This is a single-center, prospective, single-arm study evaluating the safety and feasibility of total pancreatectomy with islet autotransplantation (TPIAT) in carefully selected adult patients with periampullary neoplasms who are considered at high risk for postoperative pancreatic fistula after pancreaticoduodenectomy. Eligible patients will undergo open or robotic TPIAT as part of the patient's surgical management. Perioperative outcomes, postoperative complications, metabolic outcomes, and early oncologic outcomes will be collected prospectively as part of routine clinical care and analyzed to assess the safety and feasibility of this approach.
Study Type
INTERVENTIONAL
Allocation
NA
Purpose
TREATMENT
Masking
NONE
Enrollment
30
This intervention involves a total pancreatectomy with subsequent islet autotransplantation for patients diagnosed with high-risk periampullary neoplasms. The procedure is performed following strict surgical protocols and includes resection of the pancreas while aiming to eliminate the risk of postoperative pancreatic fistula (POPF). Islet cells are isolated from the nontumorous pancreatic tissue and infused into the portal vein to maintain endocrine function, thus reducing the likelihood of brittle diabetes post-surgery. Patient outcomes will be evaluated for safety, metabolic control, and overall quality of life over a 12-month follow-up period.

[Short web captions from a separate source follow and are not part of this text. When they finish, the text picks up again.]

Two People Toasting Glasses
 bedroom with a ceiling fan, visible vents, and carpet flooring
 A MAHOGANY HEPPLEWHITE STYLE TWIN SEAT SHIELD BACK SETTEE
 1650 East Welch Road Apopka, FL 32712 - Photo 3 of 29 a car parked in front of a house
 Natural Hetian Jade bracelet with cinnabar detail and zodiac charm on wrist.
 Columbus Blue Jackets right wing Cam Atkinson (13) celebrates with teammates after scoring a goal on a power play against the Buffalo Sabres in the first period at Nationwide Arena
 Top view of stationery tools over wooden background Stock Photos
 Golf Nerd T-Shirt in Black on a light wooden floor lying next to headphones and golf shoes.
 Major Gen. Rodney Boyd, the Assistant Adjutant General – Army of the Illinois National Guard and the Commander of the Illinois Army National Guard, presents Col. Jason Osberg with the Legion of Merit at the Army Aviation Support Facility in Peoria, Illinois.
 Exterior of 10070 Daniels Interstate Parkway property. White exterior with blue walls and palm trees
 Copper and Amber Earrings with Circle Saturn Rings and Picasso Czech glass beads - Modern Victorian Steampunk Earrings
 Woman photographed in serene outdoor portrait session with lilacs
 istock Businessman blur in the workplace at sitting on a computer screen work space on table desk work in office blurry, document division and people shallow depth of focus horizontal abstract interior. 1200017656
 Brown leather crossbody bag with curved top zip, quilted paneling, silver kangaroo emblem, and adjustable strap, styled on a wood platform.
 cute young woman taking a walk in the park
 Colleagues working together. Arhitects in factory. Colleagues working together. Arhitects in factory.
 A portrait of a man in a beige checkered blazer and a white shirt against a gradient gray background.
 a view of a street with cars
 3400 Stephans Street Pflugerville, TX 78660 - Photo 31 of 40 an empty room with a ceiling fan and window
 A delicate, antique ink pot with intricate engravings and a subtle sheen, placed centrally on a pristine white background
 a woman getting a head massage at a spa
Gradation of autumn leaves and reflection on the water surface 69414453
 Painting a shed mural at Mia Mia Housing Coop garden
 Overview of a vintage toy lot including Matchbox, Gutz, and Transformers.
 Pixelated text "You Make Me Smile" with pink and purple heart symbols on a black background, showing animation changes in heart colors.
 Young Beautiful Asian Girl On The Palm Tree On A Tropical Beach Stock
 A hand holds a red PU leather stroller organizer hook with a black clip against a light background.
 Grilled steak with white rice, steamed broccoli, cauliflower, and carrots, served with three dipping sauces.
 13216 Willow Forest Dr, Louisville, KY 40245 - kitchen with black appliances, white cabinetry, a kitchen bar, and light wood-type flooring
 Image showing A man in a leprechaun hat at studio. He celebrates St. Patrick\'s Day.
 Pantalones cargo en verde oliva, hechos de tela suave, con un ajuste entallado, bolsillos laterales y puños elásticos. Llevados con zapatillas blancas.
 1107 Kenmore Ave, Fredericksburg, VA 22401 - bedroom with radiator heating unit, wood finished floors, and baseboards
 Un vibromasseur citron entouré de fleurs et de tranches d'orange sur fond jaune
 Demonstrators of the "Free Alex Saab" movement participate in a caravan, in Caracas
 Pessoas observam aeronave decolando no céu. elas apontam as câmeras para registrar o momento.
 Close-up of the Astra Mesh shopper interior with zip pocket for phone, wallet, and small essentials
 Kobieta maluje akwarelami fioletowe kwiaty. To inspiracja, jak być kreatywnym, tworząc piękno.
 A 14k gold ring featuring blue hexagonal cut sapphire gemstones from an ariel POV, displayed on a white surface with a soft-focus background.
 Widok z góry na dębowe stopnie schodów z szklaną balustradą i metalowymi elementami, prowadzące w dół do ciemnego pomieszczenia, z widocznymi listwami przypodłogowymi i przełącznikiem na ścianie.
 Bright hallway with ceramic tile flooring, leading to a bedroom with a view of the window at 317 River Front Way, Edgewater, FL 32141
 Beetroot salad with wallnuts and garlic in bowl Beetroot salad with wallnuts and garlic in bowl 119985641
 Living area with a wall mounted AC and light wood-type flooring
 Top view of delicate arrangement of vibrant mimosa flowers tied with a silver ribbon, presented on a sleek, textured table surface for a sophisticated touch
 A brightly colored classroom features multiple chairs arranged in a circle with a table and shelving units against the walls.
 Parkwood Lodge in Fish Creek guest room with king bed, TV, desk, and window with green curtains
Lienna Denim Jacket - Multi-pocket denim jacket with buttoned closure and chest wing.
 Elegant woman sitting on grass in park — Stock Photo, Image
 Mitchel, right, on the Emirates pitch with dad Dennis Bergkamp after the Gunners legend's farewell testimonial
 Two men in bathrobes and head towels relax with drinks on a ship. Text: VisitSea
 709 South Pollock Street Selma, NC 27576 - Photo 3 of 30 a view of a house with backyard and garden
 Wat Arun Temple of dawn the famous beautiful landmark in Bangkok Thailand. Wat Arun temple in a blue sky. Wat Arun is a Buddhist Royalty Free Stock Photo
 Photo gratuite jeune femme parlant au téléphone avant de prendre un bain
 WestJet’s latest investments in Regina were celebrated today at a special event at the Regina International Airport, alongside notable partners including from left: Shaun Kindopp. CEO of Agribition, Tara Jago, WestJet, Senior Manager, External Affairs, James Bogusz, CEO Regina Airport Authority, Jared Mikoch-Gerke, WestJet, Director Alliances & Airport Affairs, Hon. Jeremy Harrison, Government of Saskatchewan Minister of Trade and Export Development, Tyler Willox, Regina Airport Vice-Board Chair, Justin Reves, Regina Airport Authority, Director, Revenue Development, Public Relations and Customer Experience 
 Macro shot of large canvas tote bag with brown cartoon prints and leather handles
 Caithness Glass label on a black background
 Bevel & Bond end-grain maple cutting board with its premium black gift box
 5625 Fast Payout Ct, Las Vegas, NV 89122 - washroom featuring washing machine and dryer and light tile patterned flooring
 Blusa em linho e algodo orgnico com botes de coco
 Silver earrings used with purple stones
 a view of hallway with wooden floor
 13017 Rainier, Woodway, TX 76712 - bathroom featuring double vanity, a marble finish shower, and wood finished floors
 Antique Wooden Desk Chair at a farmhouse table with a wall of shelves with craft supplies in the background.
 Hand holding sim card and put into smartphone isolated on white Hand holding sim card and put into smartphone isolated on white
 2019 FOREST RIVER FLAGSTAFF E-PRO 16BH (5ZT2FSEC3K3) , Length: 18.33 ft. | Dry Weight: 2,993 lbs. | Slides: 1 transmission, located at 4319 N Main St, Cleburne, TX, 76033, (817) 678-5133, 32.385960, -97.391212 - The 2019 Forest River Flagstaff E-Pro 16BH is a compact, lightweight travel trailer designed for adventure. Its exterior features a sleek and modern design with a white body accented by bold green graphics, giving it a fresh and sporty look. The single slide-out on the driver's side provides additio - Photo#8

Incidence of Postoperative Complications
The incidence of postoperative complications within 90 days following Total Pancreatectomy with Islet Autotransplantation (TPIAT) will be assessed. Complications will be defined and graded according to the Clavien-Dindo classification system. The goal is to evaluate the safety and feasibility of TPIAT in high-risk patients with periampullary neoplasms.
Time frame: Within 90 days post-surgery.
Length of Hospital Stay
This measure will track the total number of days patients remain hospitalized following TPIAT. The data will help evaluate the procedure's impact on recovery time.
Time frame: Within 90 days post-surgery.